▼
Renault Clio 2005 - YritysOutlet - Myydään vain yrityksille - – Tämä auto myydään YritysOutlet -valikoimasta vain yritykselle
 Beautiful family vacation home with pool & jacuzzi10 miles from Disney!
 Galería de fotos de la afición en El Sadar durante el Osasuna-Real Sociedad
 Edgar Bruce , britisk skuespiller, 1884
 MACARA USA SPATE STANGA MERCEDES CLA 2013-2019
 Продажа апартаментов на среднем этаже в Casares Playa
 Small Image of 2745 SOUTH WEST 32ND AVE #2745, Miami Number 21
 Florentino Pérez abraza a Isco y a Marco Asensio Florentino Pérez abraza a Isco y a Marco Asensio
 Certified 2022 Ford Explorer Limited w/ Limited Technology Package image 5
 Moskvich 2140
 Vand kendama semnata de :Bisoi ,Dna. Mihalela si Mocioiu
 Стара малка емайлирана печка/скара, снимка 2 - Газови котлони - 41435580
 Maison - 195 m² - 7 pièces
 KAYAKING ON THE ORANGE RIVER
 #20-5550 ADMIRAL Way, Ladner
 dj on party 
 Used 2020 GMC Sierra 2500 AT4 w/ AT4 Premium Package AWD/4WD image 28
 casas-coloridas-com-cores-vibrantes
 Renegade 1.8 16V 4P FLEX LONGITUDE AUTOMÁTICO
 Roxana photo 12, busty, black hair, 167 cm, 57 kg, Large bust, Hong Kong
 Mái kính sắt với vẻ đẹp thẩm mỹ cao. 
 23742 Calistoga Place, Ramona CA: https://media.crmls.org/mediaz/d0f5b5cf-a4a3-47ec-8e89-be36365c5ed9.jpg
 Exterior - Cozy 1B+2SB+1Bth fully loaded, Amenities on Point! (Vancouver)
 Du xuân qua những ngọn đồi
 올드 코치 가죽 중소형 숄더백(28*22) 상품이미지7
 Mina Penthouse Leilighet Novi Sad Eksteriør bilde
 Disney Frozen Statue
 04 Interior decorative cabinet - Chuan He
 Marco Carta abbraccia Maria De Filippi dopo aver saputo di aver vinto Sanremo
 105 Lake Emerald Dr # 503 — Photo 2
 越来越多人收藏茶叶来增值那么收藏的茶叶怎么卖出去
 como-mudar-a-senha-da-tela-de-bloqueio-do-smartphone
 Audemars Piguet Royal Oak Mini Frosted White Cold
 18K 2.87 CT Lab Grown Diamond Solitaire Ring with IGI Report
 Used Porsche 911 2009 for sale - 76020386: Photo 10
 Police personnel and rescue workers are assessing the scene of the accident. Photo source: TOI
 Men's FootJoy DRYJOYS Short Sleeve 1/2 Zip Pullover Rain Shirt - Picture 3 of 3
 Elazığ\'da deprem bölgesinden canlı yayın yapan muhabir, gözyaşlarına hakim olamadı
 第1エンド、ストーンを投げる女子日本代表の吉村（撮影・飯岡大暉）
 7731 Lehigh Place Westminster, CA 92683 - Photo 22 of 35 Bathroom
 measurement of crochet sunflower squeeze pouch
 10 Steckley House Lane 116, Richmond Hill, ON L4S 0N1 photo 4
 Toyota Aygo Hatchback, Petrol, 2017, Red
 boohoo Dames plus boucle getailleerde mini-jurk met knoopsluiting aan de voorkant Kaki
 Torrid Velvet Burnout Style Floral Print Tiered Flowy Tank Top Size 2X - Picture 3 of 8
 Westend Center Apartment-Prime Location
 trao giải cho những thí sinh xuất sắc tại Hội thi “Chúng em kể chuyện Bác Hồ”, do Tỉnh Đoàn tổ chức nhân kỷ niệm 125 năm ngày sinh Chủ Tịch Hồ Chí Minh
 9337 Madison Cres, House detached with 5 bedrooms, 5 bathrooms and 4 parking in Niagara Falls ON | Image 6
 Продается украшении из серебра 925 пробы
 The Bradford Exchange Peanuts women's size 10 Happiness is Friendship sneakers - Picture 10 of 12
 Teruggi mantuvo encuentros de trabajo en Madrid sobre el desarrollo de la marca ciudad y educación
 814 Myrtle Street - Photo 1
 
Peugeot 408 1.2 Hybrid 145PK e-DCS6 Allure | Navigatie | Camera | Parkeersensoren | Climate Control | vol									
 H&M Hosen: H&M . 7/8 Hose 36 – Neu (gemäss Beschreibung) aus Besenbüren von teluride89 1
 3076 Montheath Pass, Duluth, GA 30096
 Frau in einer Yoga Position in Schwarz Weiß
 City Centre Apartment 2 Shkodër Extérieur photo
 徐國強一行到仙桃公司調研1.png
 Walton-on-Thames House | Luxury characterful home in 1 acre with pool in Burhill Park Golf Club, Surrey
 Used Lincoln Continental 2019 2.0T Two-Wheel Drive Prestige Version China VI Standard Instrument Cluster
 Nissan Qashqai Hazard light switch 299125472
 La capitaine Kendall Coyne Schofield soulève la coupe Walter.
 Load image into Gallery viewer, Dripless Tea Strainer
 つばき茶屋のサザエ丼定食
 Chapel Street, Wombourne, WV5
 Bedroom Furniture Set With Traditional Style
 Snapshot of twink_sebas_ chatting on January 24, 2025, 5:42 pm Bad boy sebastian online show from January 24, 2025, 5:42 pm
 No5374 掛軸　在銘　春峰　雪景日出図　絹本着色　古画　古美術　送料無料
▲
Exercise goal
Using the entries above, output exactly the lines between the line holding "Men's FootJoy DRYJOYS" and the line holding "Westend Center Apartment-Prime Location", end lines included, and nothing more.

Reply
 Men's FootJoy DRYJOYS Short Sleeve 1/2 Zip Pullover Rain Shirt - Picture 3 of 3
 Elazığ\'da deprem bölgesinden canlı yayın yapan muhabir, gözyaşlarına hakim olamadı
 第1エンド、ストーンを投げる女子日本代表の吉村（撮影・飯岡大暉）
 7731 Lehigh Place Westminster, CA 92683 - Photo 22 of 35 Bathroom
 measurement of crochet sunflower squeeze pouch
 10 Steckley House Lane 116, Richmond Hill, ON L4S 0N1 photo 4
 Toyota Aygo Hatchback, Petrol, 2017, Red
 boohoo Dames plus boucle getailleerde mini-jurk met knoopsluiting aan de voorkant Kaki
 Torrid Velvet Burnout Style Floral Print Tiered Flowy Tank Top Size 2X - Picture 3 of 8
 Westend Center Apartment-Prime Location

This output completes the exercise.